Tim Mead’s background is in chemical engineering, not robotics programming, so he was initially hesitant to build a robotics cell from scratch. “The demo convincing us was done by Universal Robots’ distributor In-Position Technologies and it looked very straightforward, there’s also a lot of cool training stuff on the UR website” says the operations manager who used the free Universal Robots Academy to get up to speed after purchasing the robot.
The Arizona company programmed their first UR5 to pick up pre-cut fabric material that the cobot moves through a snap-set machine where five male snaps are inserted, then it moves over to a second machine where five female snaps are added. The 25 second cycle concludes as the UR5 presents the piece to a vision camera that inspects whether the snaps are added correctly. Depending on outcome, the UR5 is directed to place the finished piece in either the “good” or the “scrap” pile.
Zippertubing is now working on a more compact, second UR5 installation that reduces cycle time while increasing the quantity of parts to run after-hours by integrating a turntable for delivery of the fabric. “We can have the robot run all night and double our production output.
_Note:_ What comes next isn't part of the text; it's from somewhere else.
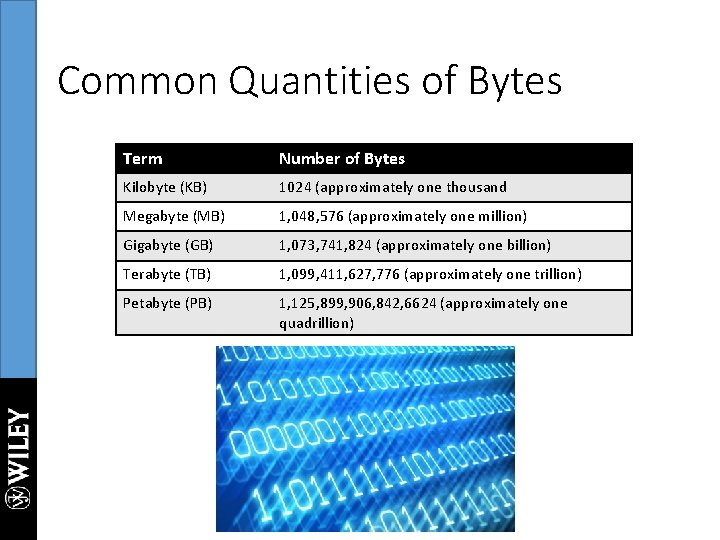 Common Quantities of Bytes Term Number of Bytes Kilobyte (KB) 1024 (approximately one thousand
We can also have it handle two or three additional parts and cover even more of our production,” explains Mead, detailing how the collaborative robots enabled the company to reduce its labor force by 32% in those applications. “We can now take that freed up labor and move them to other more customized high-skilled, high-demand sections of our production line, where our operators can use their skills in a more beneficial way.”
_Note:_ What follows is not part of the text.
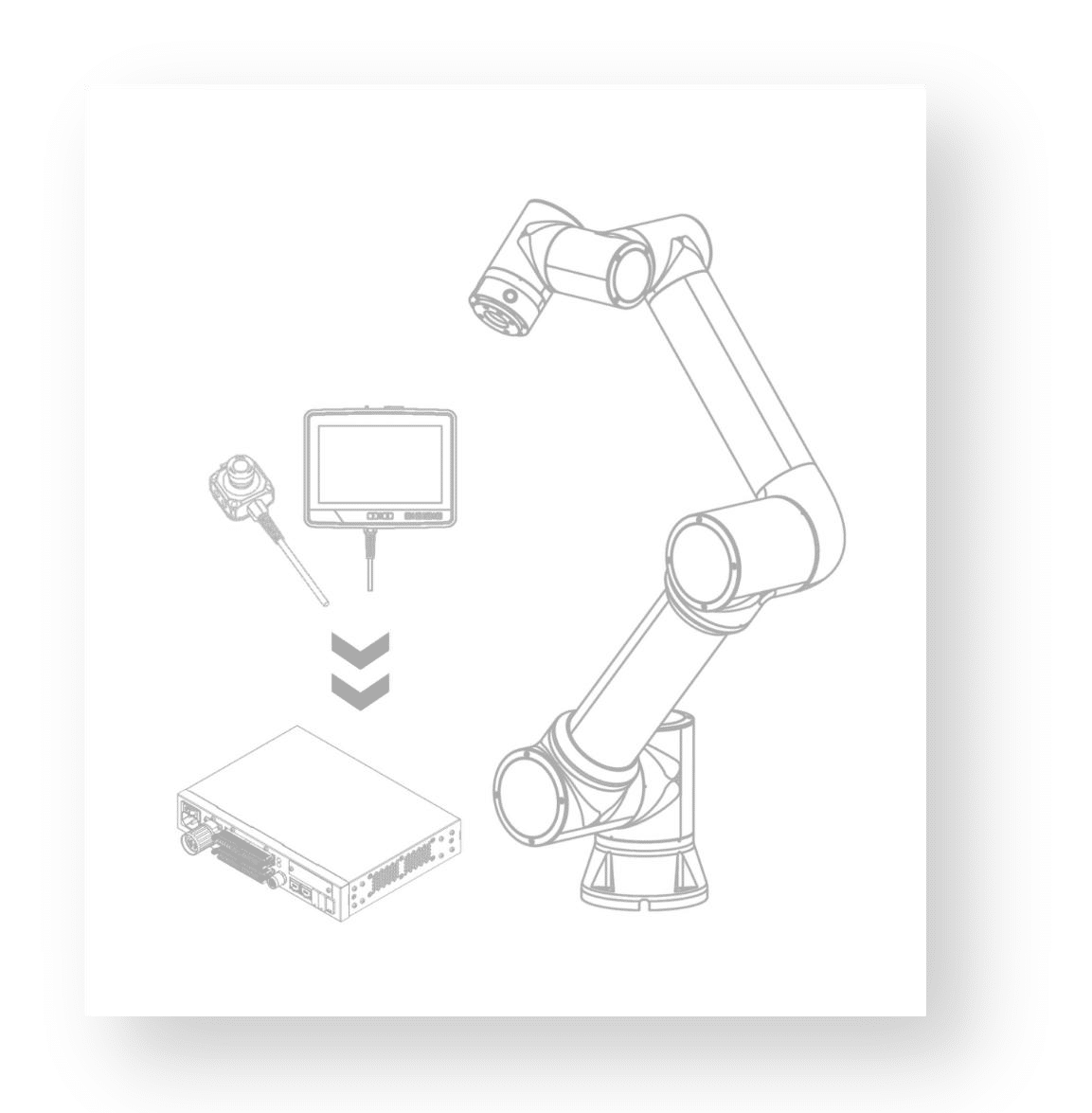 control principle of collaborative robots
For change-overs requiring different tools, the company went to the UR+ Solution website, an online platform with certified plug & play products for UR cobots and found the Milibar tool changer. “The benefits of using this is quick changeability, adding a new tool to the end of the robot arm is not an issue now,” says Mead.
Zippertubing estimates about a two year ROI on their UR5 purchases. “The return on investment is not just a return on the money we spent on the robot and the system; it’s also a matter of quality for us and for our customers,” says Hesselbacher, who stresses that a continuous lights-out production will push the ROI much lower as well. The success of Zippertubing’s Arizona plant has resonated with its sister facility in China too. “Our Asia facility is totally manual at the moment, and they’ve reached out to us to see if we could build them some of these robotic cells,” says Mead, who will refine the next UR robot application and provide it to his Chinese colleagues. The Arizona company is now also looking at other tasks UR robots could automate. Sewing is one of them.
“It will be a unique challenge as we want the robot to do snaps and sewing with the same tool,” says Mead, who is optimistic that his team will get the sewing project figured out in the foreseeable future.